1. “Go.” But what if I don’t want to ”go”? What if this has been my country for thirty years and I am only interested in staying? Do you have the right to tell me to “go”? I think not.

2. “Back.” But why “back”? Why not “forward”? I came to this country with my family in pursuit of a calling to help people and better our lives. Both things have been realized and I am thankful for the doors that the people in the U. S. have opened to us, so I am not “going back” anywhere. The future belongs to the peacemakers, not the haters, and it belongs to those who believe in moving forward, not back.

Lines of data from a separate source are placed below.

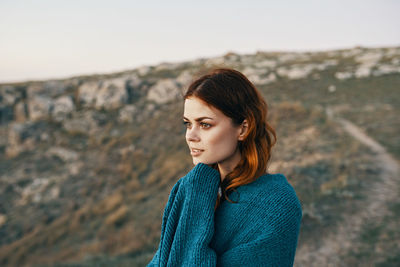 Portrait of young woman looking away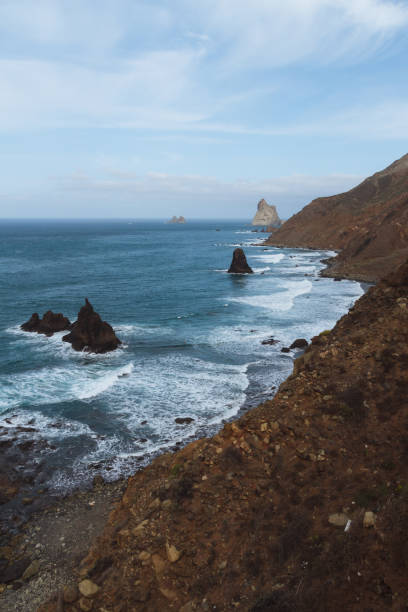 istock Remote beaches on coastline next to the mountains with crashing waves in ocean 910994850
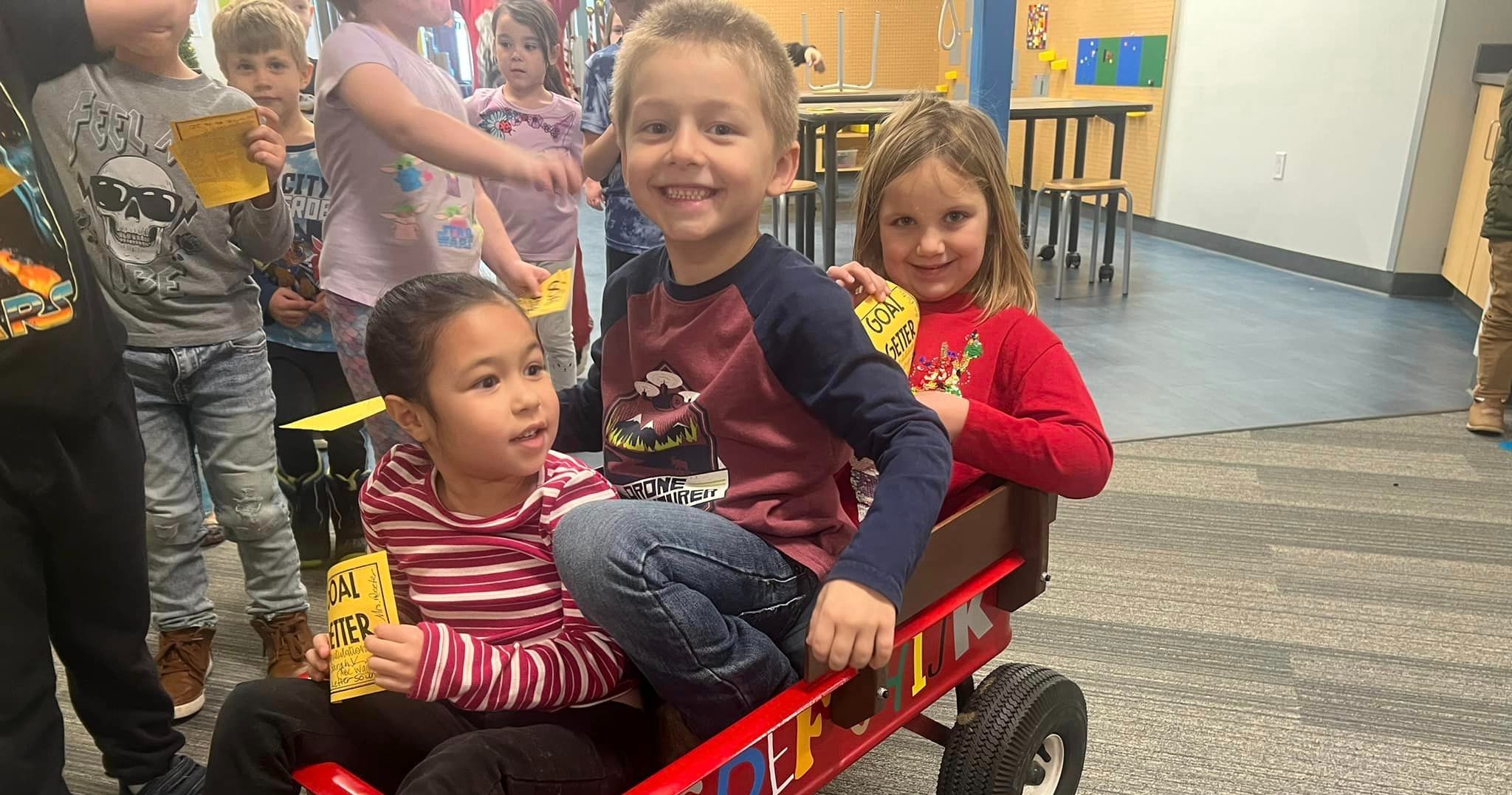 three children sitting in a wagon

3. “To.” This little, innocent preposition points to directions. When joined with “go” and “back” the direction tends to be opposite the person speaking. Ironically, when it is meant as a command to return to one’s love, even the verb changes. It’s never “go back to me;” rather, it’s “come back to me.” “Go” and “to” increase distance, but “come” and “to” shrink it. My experience living in the U. S. has been a series of “comings to,” and your words of hatred will not change that direction.

4. “Your.” A possessive pronoun. How many wars have humans started because that class of pronouns has been appropriated by the “wrong” people? How many lives have been lost because of the quest for ownership? In your mind, “your” country is contrasted with “mine.” You have somehow acquired the rights of ownership to this land that people like me are barred from having. You now have exclusive proprietary rights to this country. What is more, the object of your possession is better than mine, and I, by extension, am of less value than you because the only thing I deserve is “my” rat-infested piece of real state. But what gave you exclusive rights to own this multicultural place called the United States of America? Learn from George Blaurock, a fifteenth century evangelist who, upon being ordered by the authorities to leave the city of Geneva, Switzerland, famously quoted David when he said in Psalm 24, “The earth is the Lord’s and everything in it.” And refused to leave…

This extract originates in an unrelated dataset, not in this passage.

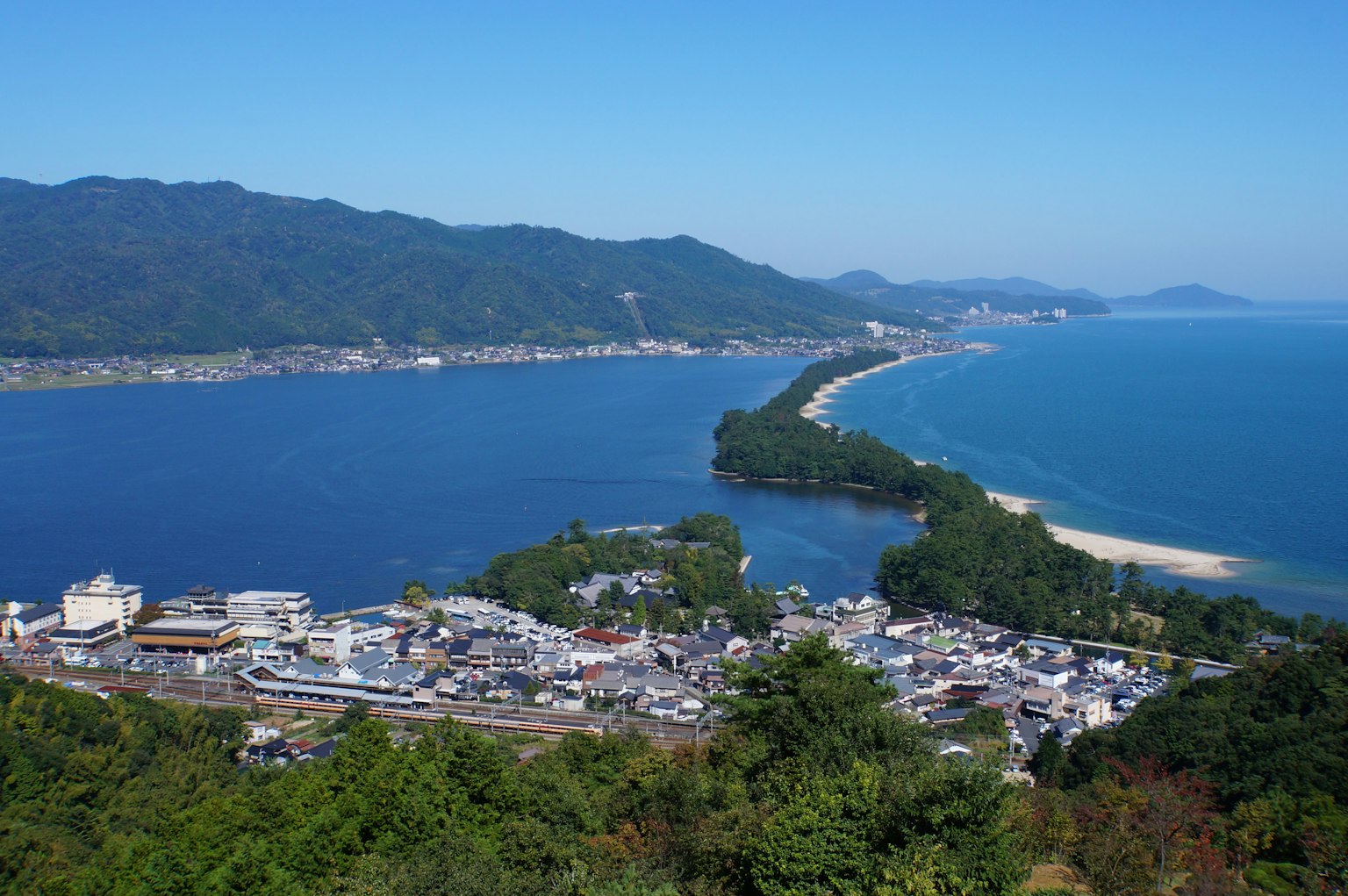 Pemandangan panorama sebuah kota pesisir dengan latar belakang pegunungan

You may taunt and hunt and blunt the voice of those trying to enter here, but I have been here for thirty years, I like it here, and you can’t make this place more of yours and less of mine just by saying so.

Someday, you might learn a lesson your mother may have tried to teach you when you were little: “Share your toys, son; share your toys.” Guess what? The ground you try to soil with your hatred is also shared by those who, like me, have done you no harm and only want to live in peace in this vast world old Blaurock taught rightly belongs to no other than the same God who made you and me. That ownership title was never “yours” or “mine,” so stop being a squatter and learn to share what has been given to you.

5. “Country.” As I intimated, I have no country. To quote St. Paul, “My citizenship is in heaven.” Though the day is far gone when we could live with open borders, you realize that “countries” are drawn as a result of wars. They are artificial boundaries dictated by the victors and offered to allies as spoils. No person is above the law but no nation is above the law of God either. And there is no greater law than this: “Love your enemies and forgive those who sin against you.” And even your hatred for people like me will not blunt the power of these words when taken to heart.

I am Ivanildo Trindade and I have no travel plans for the moment, though a ticket to Hawaii would be more than welcome (for two!)